__What you should do__
Retype the data that follows line by line, exactly, and leave its pictures out.

__Data segment__

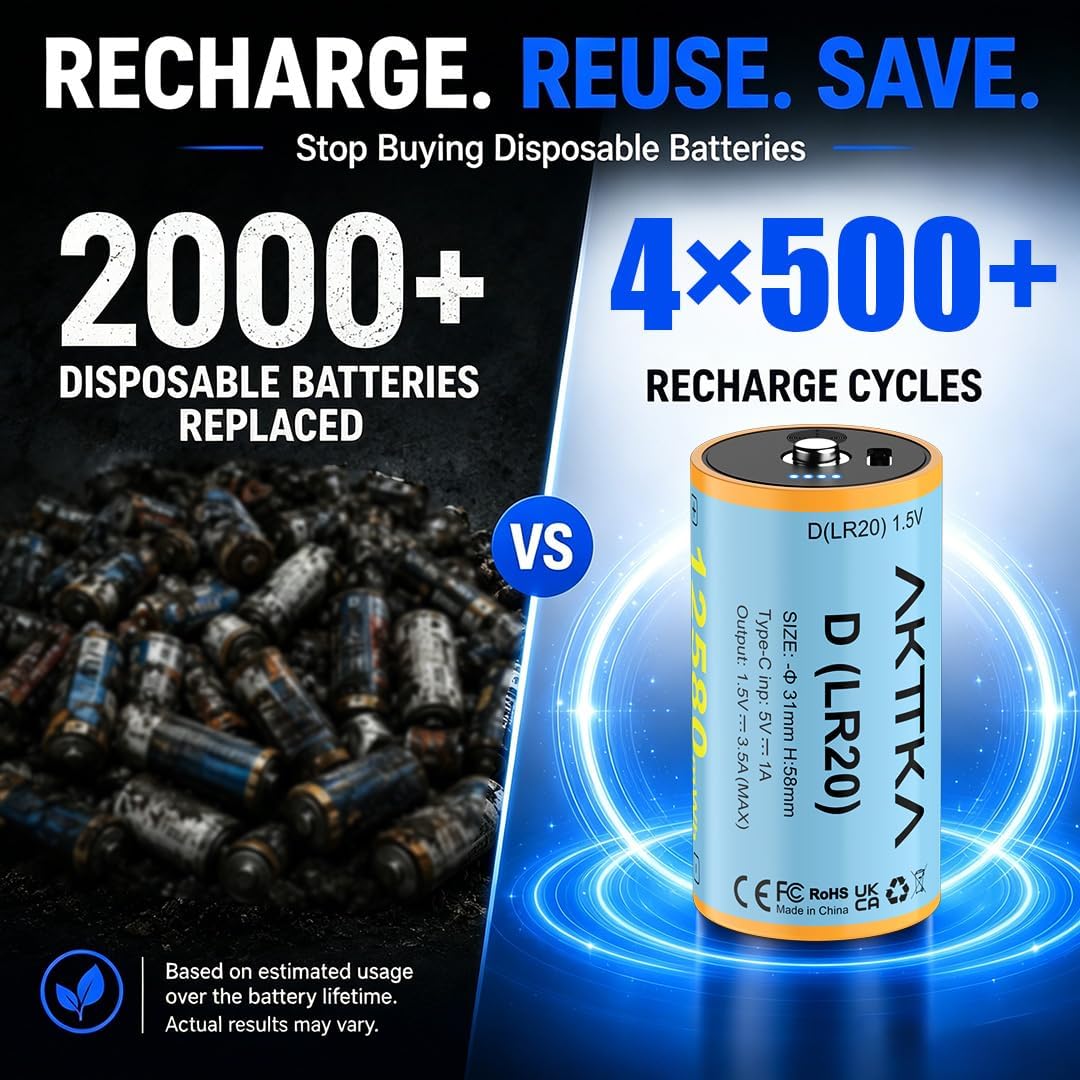 4 Pack Rechargeable D Batteries 1.5V Lithium O919397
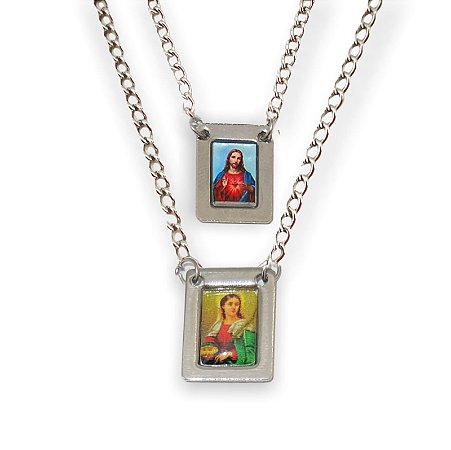 Escapulario Aço Inox Santa Luzia e Sagrado Coração de Jesus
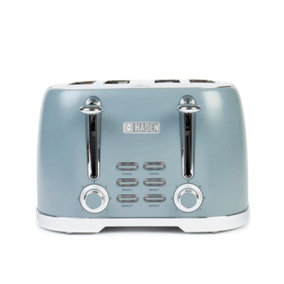 Haden Brighton Slate Grey Toaster - 4 Slice Electric Stainless-Steel Toaster with Reheat and Defrost Functions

__Result__
 4 Pack Rechargeable D Batteries 1.5V Lithium O919397
 Escapulario Aço Inox Santa Luzia e Sagrado Coração de Jesus
 Haden Brighton Slate Grey Toaster - 4 Slice Electric Stainless-Steel Toaster with Reheat and Defrost Functions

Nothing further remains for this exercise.